━━━━━ Collected material ━━━━━

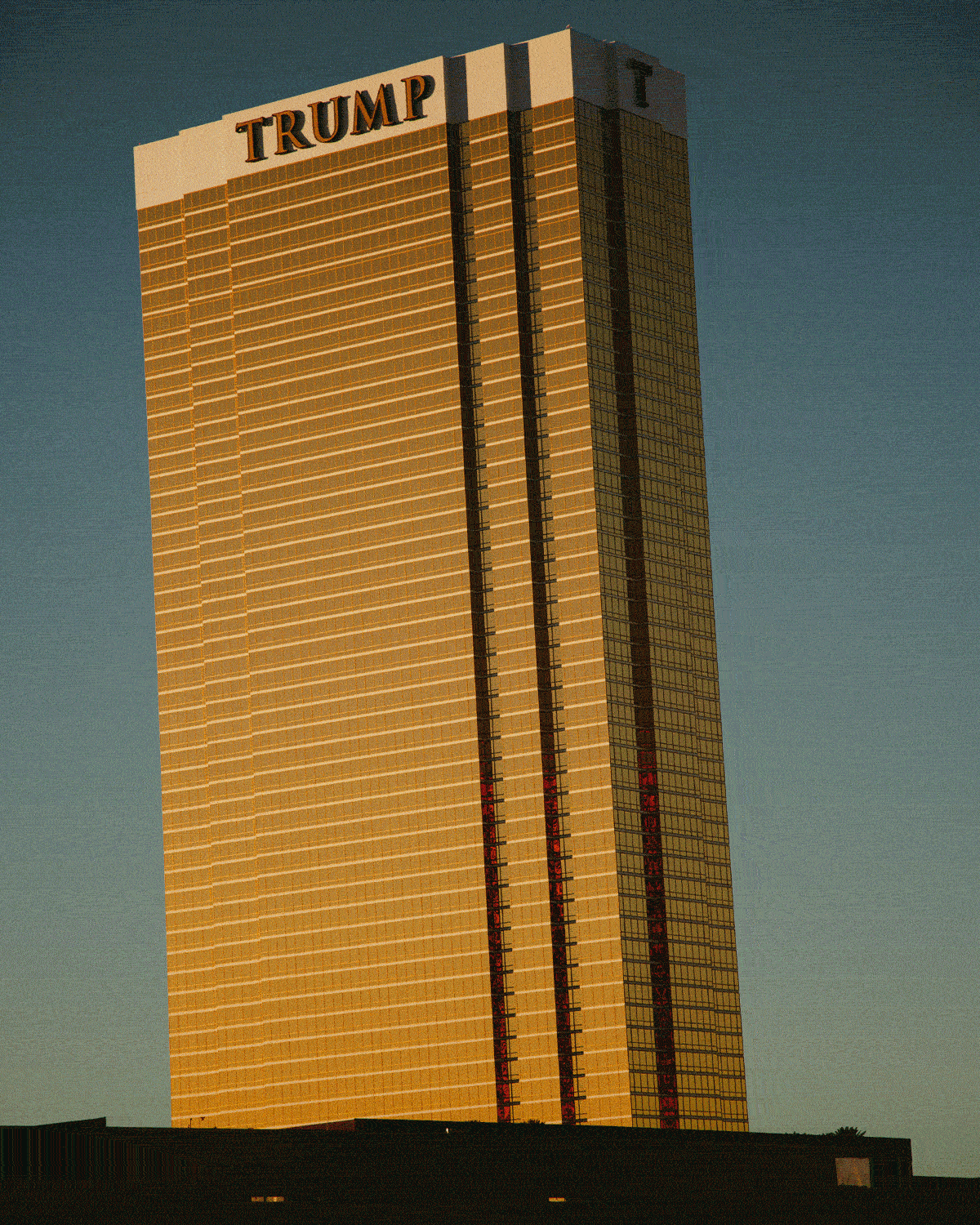 A gif of the Trump tower, a shipping yard, a refrigerator filled with sports drinks, and someone's mouth biting into plastic cherries.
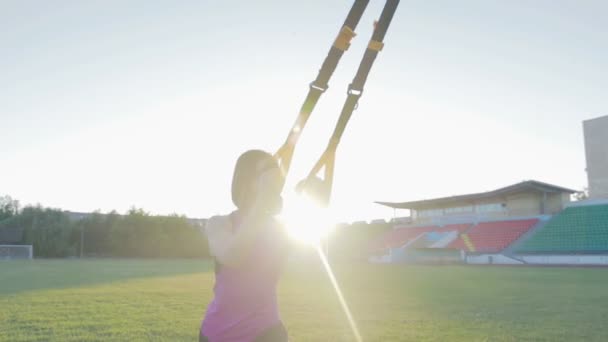 Hermosa chica de fitness entrena en el estadio. Un joven atleta se dedica a bucles en el campo en el gol de fútbol — Vídeo de stock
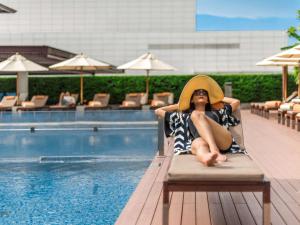 una mujer con sombrero sentada en una silla junto a una piscina en Pullman Bangkok King Power en Bangkok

━━━━━

**Directions:** What you return must match the material above exactly, apart from its pictures.

**Response to this exercise:**
 A gif of the Trump tower, a shipping yard, a refrigerator filled with sports drinks, and someone's mouth biting into plastic cherries.
 Hermosa chica de fitness entrena en el estadio. Un joven atleta se dedica a bucles en el campo en el gol de fútbol — Vídeo de stock
 una mujer con sombrero sentada en una silla junto a una piscina en Pullman Bangkok King Power en Bangkok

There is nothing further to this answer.